The second, more subtle, objection is the one I'm not so sure has been made before. It concerns a step that is easy to miss within the PBR argument, and that is that the move from the individual systems to the joint system assumes a passage from individual objective state spaces $\Lambda_1$ and $\Lambda_2$ to a total joint space of $\Lambda_1 \times \Lambda_2$. Besides providing another attack vector on the theorem by itself (though I believe some have followed at least direct approaches down that line and not found them very fruitful), the more interesting line of objection is what it says regarding the assumptions underlying the Bell-like framework I just described. In particular, to what extent can we consider the "state" $\lambda$, or even for that matter, $|\psi\rangle$, to truly belong solely to the system?
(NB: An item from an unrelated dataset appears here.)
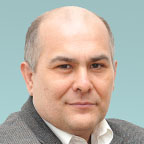 Alexandr Teslenko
Indeed, here's a simple thought experiment as to why we should think that frameworks of the kind P, B, and R use shouldn't be used, and it requires us to remember, as seem strangely often forgotten, that quantum mechanics, as the name suggests, is a theory of mechanics - in all this, let's not lose sight of basic physics principles! In particular, we can shift physical reference frames - for all this stuff about talking about "agents", "knowledge" and "observer effects" and what not, it seems often ignored is the question of a simple change of coordinates of the kind you learn about in your first course in Newtonian mechanics.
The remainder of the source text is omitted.